2,How can I increase the speed of my internet co...
3,Why am I mentally very lonely? How can I solve...
4,"Which one dissolve in water quikly sugar, salt..."


In [26]:
data.shape

(404289, 1)

## Preprocessing

#### Use TF-IDF Vectorization to create a vectorized document term matrix.

In [7]:
tfidf = TfidfVectorizer(stop_words='english', max_df = 0.9, min_df = 2)

In [9]:
df_transformed = tfidf.fit_transform(data['Question'])

In [10]:
df_transformed

<404289x38669 sparse matrix of type '<class 'numpy.float64'>'
	with 2002912 stored elements in Compressed Sparse Row format>

## Non-negative Matrix Factorization

#### Using Scikit-Learn create an instance of NMF with 20 expected components. 

In [15]:
nmf = NMF(n_components =20, random_state=42)

In [17]:
nmf.fit(df_transformed)

NMF(alpha=0.0, beta_loss='frobenius', init=None, l1_ratio=0.0, max_iter=200,
    n_components=20, random_state=42, shuffle=False, solver='cd', tol=0.0001,
    verbose=0)

#### Print our the top 15 most common words for each of the 20 topics.

In [39]:
nmf.components_.shape
# NMF decompose the original matrix into W*H
# components_ represents the matrix H = (topics, num of total words), how each word in corpus is related to each topic

(20, 38669)

In [41]:
len(tfidf.get_feature_names())

38669

In [20]:
for index, topic in enumerate(nmf.components_):
    print('THE TOP 15 WORDS FOR TOPIC #{}'.format(index))
    print([tfidf.get_feature_names()[i] for i in topic.argsort()[-15:]])
    print('\n')

THE TOP 15 WORDS FOR TOPIC #0
['thing', 'read', 'place', 'visit', 'places', 'phone', 'buy', 'laptop', 'movie', 'ways', '2016', 'books', 'book', 'movies', 'best']

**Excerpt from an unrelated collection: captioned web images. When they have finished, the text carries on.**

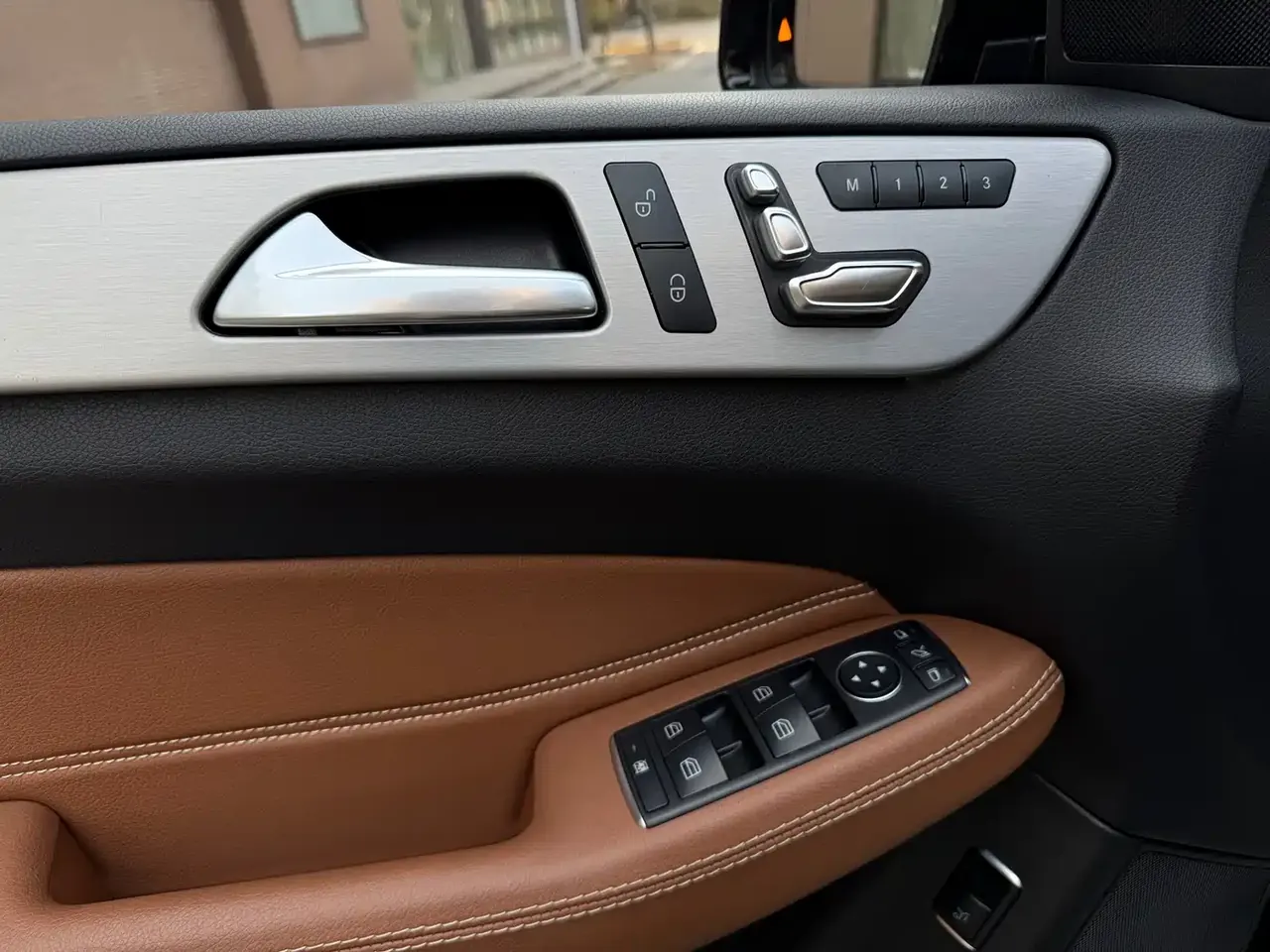 Mercedes-Benz GLE AMG 2017 AMG GLE 43 4MATIC фото 19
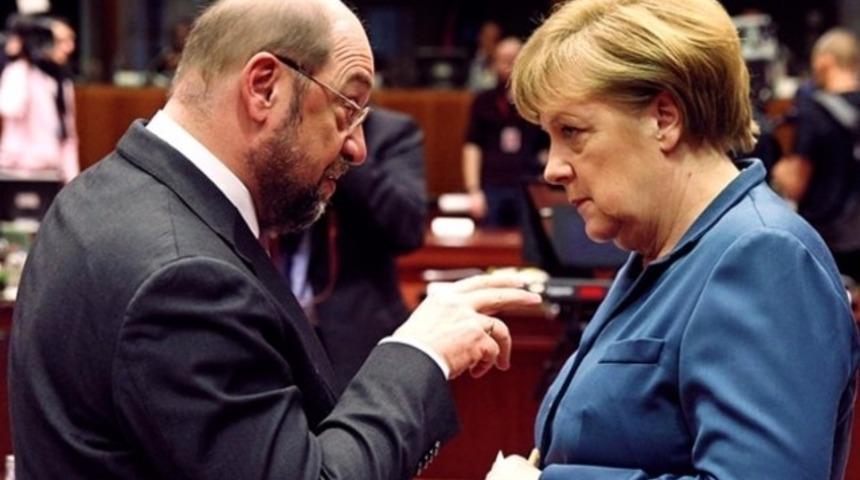 Almanya seçimleri öncesi Merkel ve Schulz birbirine girdi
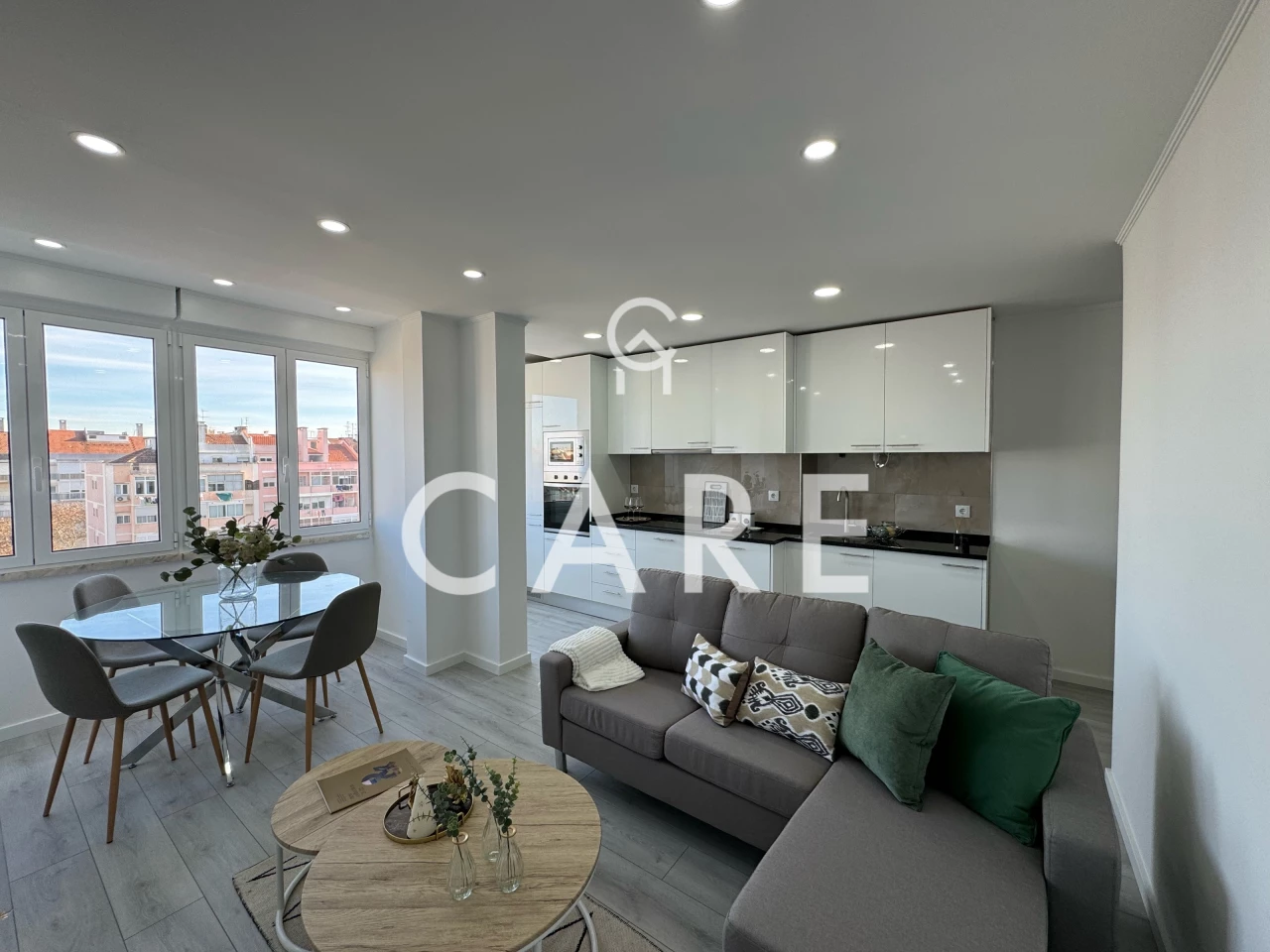 3 bedrooms Apartment in Lisbon, Portugal No. 294455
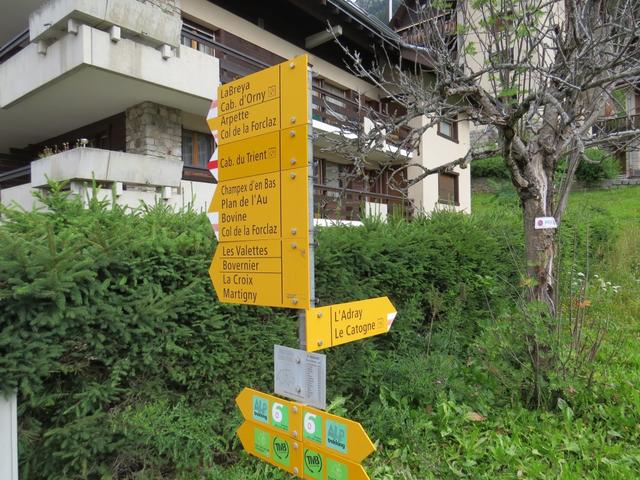 direkt neben dem Restaurant 1468 m.ü.M. biegt der Wanderweg von der Hauptstrasse rechts ab...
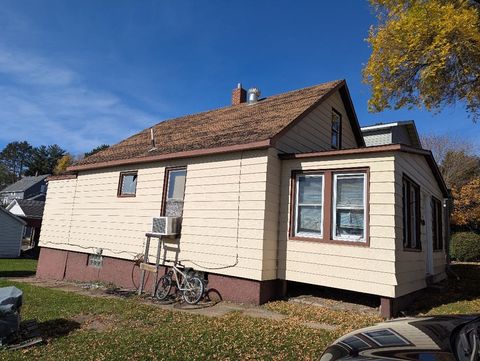 Tiny photo for 111 W Nebraska Ave, Gilbert, MN 55741 (MLS # 6122733)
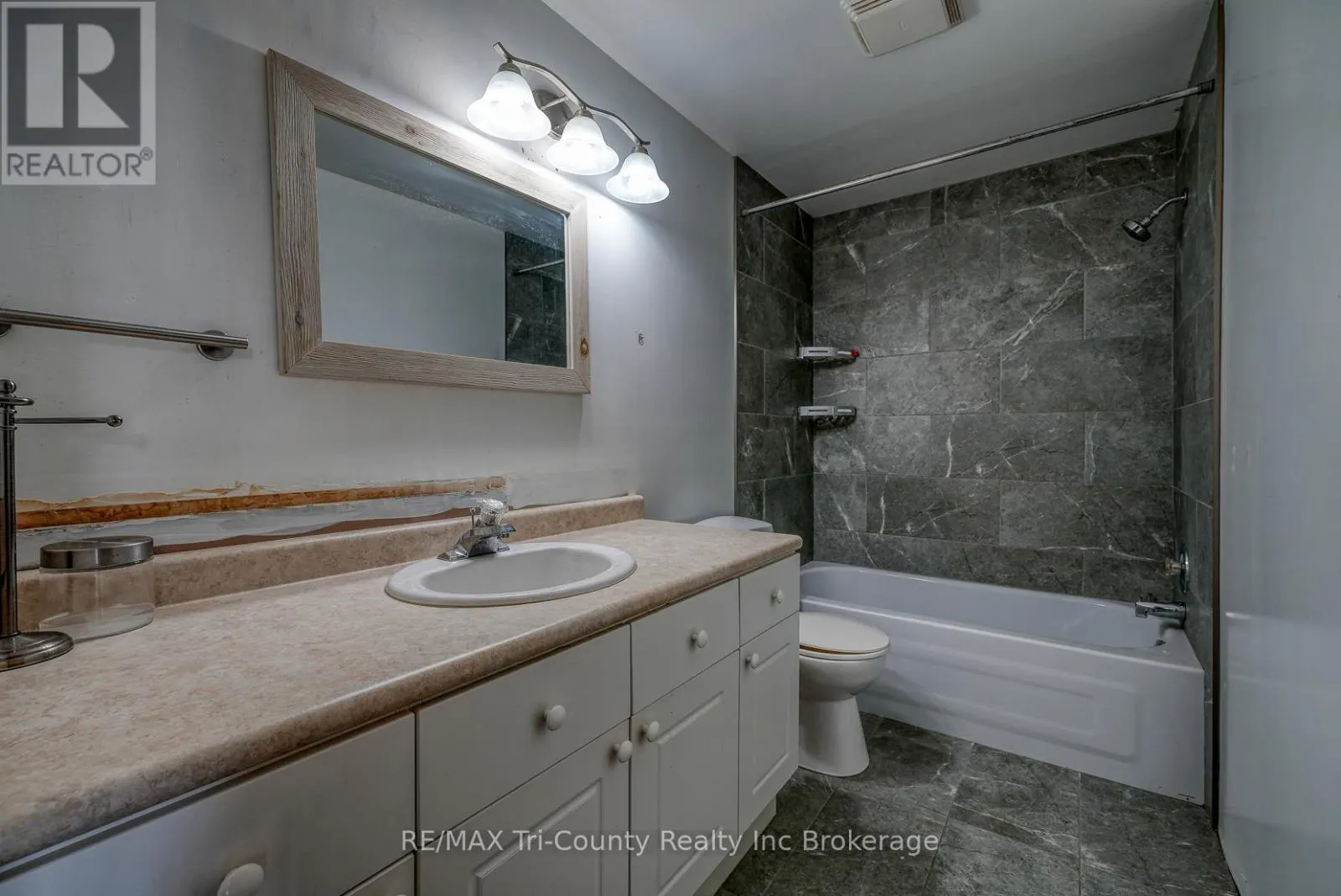 7 - 15 DEVONSHIRE AVENUE, #7
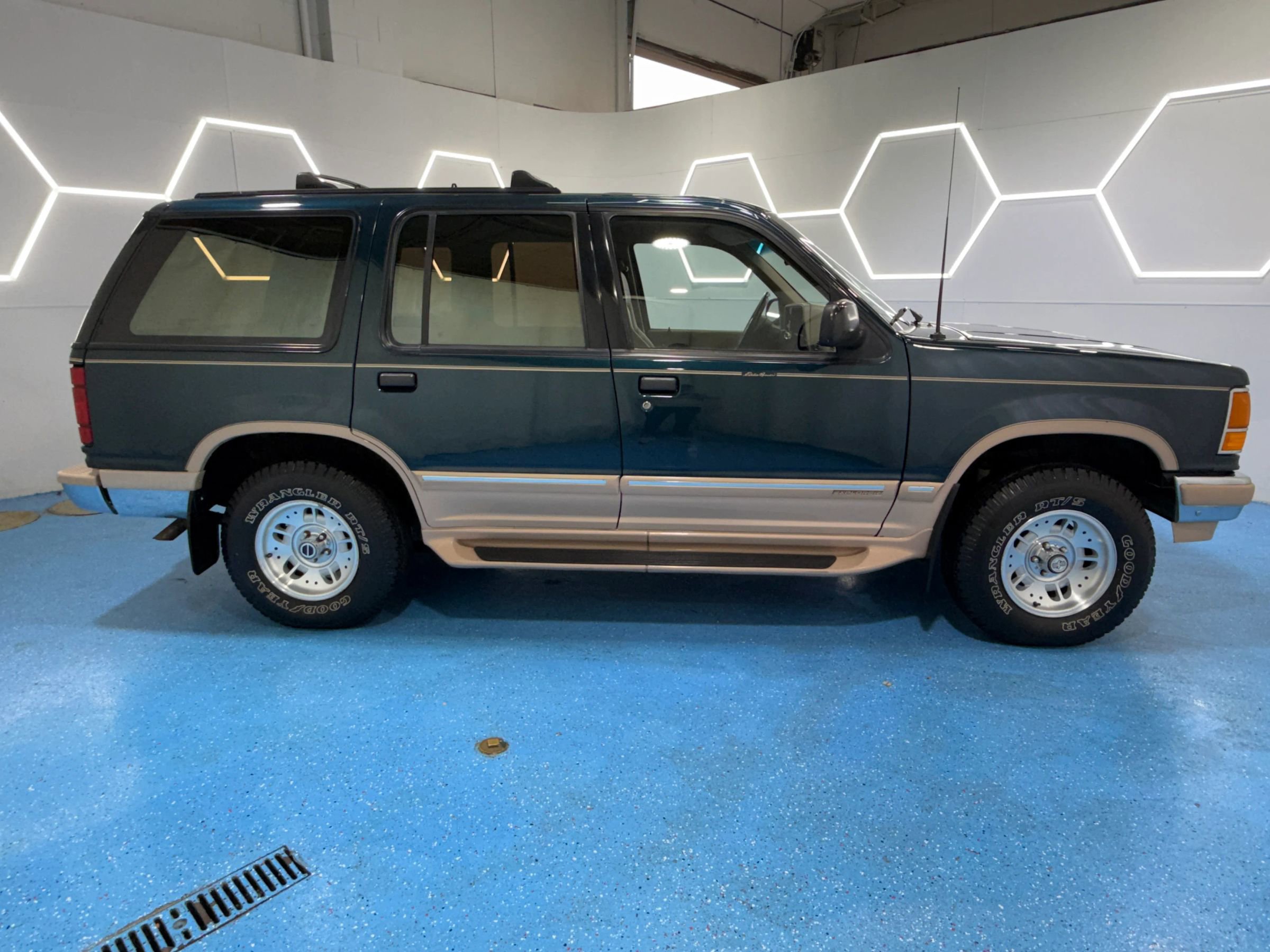 Used 1994 Ford Explorer 4WD 4-Door image 3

THE TOP 15 WORDS FOR TOPIC #1
['majors', 'recruit', 'sex', 'looking', 'differ', 'use', 'exist', 'really', 'compare', 'cost', 'long', 'feel', 'work', 'mean', 'does']


THE TOP 15 WORDS FOR TOPIC #2
['add', 'answered', 'needing', 'post', 'easily', 'improvement', 'delete', 'asked', 'google', 'answers', 'answer', 'ask', 'question', 'questions', 'quora']


THE TOP 15 WORDS FOR TOPIC #3
['using', 'website', 'investment', 'friends', 'black', 'internet', 'free', 'home', 'easy', 'youtube', 'ways', 'earn', 'online', 'make', 'money']


THE TOP 15 WORDS FOR TOPIC #4
['balance', 'earth', 'day', 'death', 'changed', 'live', 'want', 'change', 'moment', 'real', 'important', 'thing', 'meaning', 'purpose', 'life']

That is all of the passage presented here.